What to produce: Retype all the records with nothing changed.

Given data:

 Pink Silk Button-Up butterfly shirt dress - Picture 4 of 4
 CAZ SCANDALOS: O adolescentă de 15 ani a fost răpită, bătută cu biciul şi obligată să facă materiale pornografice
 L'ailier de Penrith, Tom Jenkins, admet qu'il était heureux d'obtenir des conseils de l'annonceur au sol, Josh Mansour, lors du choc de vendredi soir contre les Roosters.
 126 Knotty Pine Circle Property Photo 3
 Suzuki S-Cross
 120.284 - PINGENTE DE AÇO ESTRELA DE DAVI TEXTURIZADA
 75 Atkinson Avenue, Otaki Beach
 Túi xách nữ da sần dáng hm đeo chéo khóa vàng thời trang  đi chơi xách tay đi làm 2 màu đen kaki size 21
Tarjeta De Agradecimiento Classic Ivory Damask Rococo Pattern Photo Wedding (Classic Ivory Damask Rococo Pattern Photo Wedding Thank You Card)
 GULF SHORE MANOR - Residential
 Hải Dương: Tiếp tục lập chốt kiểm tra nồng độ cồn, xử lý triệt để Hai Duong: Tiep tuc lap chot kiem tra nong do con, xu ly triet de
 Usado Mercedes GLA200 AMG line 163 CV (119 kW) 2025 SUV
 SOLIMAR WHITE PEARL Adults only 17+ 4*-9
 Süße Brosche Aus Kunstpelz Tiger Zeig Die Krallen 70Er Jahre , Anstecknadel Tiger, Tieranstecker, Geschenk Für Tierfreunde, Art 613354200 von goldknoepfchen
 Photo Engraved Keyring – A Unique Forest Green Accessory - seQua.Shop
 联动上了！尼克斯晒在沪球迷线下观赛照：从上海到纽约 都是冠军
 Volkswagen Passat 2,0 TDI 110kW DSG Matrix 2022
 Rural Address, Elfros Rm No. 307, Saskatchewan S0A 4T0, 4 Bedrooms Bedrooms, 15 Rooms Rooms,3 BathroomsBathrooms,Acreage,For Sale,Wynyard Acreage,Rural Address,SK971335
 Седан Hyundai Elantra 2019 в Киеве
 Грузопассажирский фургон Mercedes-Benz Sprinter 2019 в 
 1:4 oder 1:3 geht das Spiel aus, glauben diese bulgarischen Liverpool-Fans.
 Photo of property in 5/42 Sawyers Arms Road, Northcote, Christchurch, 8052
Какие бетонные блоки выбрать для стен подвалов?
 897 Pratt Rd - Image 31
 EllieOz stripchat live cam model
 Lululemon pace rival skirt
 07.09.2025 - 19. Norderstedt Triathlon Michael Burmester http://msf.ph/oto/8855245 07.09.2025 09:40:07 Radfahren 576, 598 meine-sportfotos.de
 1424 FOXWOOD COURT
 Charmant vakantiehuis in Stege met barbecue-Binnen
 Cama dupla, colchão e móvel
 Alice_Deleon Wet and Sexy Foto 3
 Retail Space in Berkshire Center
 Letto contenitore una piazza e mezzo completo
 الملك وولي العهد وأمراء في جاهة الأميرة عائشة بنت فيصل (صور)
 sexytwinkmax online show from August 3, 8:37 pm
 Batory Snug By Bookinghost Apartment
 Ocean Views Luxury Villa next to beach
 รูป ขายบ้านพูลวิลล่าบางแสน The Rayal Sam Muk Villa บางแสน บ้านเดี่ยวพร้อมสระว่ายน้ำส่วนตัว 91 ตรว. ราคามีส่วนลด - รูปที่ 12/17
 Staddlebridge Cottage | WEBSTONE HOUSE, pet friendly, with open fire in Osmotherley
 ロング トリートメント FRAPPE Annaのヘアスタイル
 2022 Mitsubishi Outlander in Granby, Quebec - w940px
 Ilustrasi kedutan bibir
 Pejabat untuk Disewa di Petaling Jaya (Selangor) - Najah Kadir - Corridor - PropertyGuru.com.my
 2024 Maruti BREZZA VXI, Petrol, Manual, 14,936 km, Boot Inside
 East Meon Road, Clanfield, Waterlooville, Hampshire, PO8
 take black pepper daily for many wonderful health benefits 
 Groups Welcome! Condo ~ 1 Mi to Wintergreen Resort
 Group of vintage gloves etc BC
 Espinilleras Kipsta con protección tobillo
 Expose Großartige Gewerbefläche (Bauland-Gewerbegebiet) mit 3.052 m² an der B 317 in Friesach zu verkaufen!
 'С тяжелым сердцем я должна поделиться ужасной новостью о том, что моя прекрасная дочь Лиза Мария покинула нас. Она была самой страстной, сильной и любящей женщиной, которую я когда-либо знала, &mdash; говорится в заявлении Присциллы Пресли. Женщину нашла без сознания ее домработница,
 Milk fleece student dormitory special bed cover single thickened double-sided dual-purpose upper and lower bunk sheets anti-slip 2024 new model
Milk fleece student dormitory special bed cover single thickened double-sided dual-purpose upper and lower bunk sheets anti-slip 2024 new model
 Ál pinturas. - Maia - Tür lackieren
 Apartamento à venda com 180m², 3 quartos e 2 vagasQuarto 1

Output for this exercise:
 Pink Silk Button-Up butterfly shirt dress - Picture 4 of 4
 CAZ SCANDALOS: O adolescentă de 15 ani a fost răpită, bătută cu biciul şi obligată să facă materiale pornografice
 L'ailier de Penrith, Tom Jenkins, admet qu'il était heureux d'obtenir des conseils de l'annonceur au sol, Josh Mansour, lors du choc de vendredi soir contre les Roosters.
 126 Knotty Pine Circle Property Photo 3
 Suzuki S-Cross
 120.284 - PINGENTE DE AÇO ESTRELA DE DAVI TEXTURIZADA
 75 Atkinson Avenue, Otaki Beach
 Túi xách nữ da sần dáng hm đeo chéo khóa vàng thời trang  đi chơi xách tay đi làm 2 màu đen kaki size 21
Tarjeta De Agradecimiento Classic Ivory Damask Rococo Pattern Photo Wedding (Classic Ivory Damask Rococo Pattern Photo Wedding Thank You Card)
 GULF SHORE MANOR - Residential
 Hải Dương: Tiếp tục lập chốt kiểm tra nồng độ cồn, xử lý triệt để Hai Duong: Tiep tuc lap chot kiem tra nong do con, xu ly triet de
 Usado Mercedes GLA200 AMG line 163 CV (119 kW) 2025 SUV
 SOLIMAR WHITE PEARL Adults only 17+ 4*-9
 Süße Brosche Aus Kunstpelz Tiger Zeig Die Krallen 70Er Jahre , Anstecknadel Tiger, Tieranstecker, Geschenk Für Tierfreunde, Art 613354200 von goldknoepfchen
 Photo Engraved Keyring – A Unique Forest Green Accessory - seQua.Shop
 联动上了！尼克斯晒在沪球迷线下观赛照：从上海到纽约 都是冠军
 Volkswagen Passat 2,0 TDI 110kW DSG Matrix 2022
 Rural Address, Elfros Rm No. 307, Saskatchewan S0A 4T0, 4 Bedrooms Bedrooms, 15 Rooms Rooms,3 BathroomsBathrooms,Acreage,For Sale,Wynyard Acreage,Rural Address,SK971335
 Седан Hyundai Elantra 2019 в Киеве
 Грузопассажирский фургон Mercedes-Benz Sprinter 2019 в 
 1:4 oder 1:3 geht das Spiel aus, glauben diese bulgarischen Liverpool-Fans.
 Photo of property in 5/42 Sawyers Arms Road, Northcote, Christchurch, 8052
Какие бетонные блоки выбрать для стен подвалов?
 897 Pratt Rd - Image 31
 EllieOz stripchat live cam model
 Lululemon pace rival skirt
 07.09.2025 - 19. Norderstedt Triathlon Michael Burmester http://msf.ph/oto/8855245 07.09.2025 09:40:07 Radfahren 576, 598 meine-sportfotos.de
 1424 FOXWOOD COURT
 Charmant vakantiehuis in Stege met barbecue-Binnen
 Cama dupla, colchão e móvel
 Alice_Deleon Wet and Sexy Foto 3
 Retail Space in Berkshire Center
 Letto contenitore una piazza e mezzo completo
 الملك وولي العهد وأمراء في جاهة الأميرة عائشة بنت فيصل (صور)
 sexytwinkmax online show from August 3, 8:37 pm
 Batory Snug By Bookinghost Apartment
 Ocean Views Luxury Villa next to beach
 รูป ขายบ้านพูลวิลล่าบางแสน The Rayal Sam Muk Villa บางแสน บ้านเดี่ยวพร้อมสระว่ายน้ำส่วนตัว 91 ตรว. ราคามีส่วนลด - รูปที่ 12/17
 Staddlebridge Cottage | WEBSTONE HOUSE, pet friendly, with open fire in Osmotherley
 ロング トリートメント FRAPPE Annaのヘアスタイル
 2022 Mitsubishi Outlander in Granby, Quebec - w940px
 Ilustrasi kedutan bibir
 Pejabat untuk Disewa di Petaling Jaya (Selangor) - Najah Kadir - Corridor - PropertyGuru.com.my
 2024 Maruti BREZZA VXI, Petrol, Manual, 14,936 km, Boot Inside
 East Meon Road, Clanfield, Waterlooville, Hampshire, PO8
 take black pepper daily for many wonderful health benefits 
 Groups Welcome! Condo ~ 1 Mi to Wintergreen Resort
 Group of vintage gloves etc BC
 Espinilleras Kipsta con protección tobillo
 Expose Großartige Gewerbefläche (Bauland-Gewerbegebiet) mit 3.052 m² an der B 317 in Friesach zu verkaufen!
 'С тяжелым сердцем я должна поделиться ужасной новостью о том, что моя прекрасная дочь Лиза Мария покинула нас. Она была самой страстной, сильной и любящей женщиной, которую я когда-либо знала, &mdash; говорится в заявлении Присциллы Пресли. Женщину нашла без сознания ее домработница,
 Milk fleece student dormitory special bed cover single thickened double-sided dual-purpose upper and lower bunk sheets anti-slip 2024 new model
Milk fleece student dormitory special bed cover single thickened double-sided dual-purpose upper and lower bunk sheets anti-slip 2024 new model
 Ál pinturas. - Maia - Tür lackieren
 Apartamento à venda com 180m², 3 quartos e 2 vagasQuarto 1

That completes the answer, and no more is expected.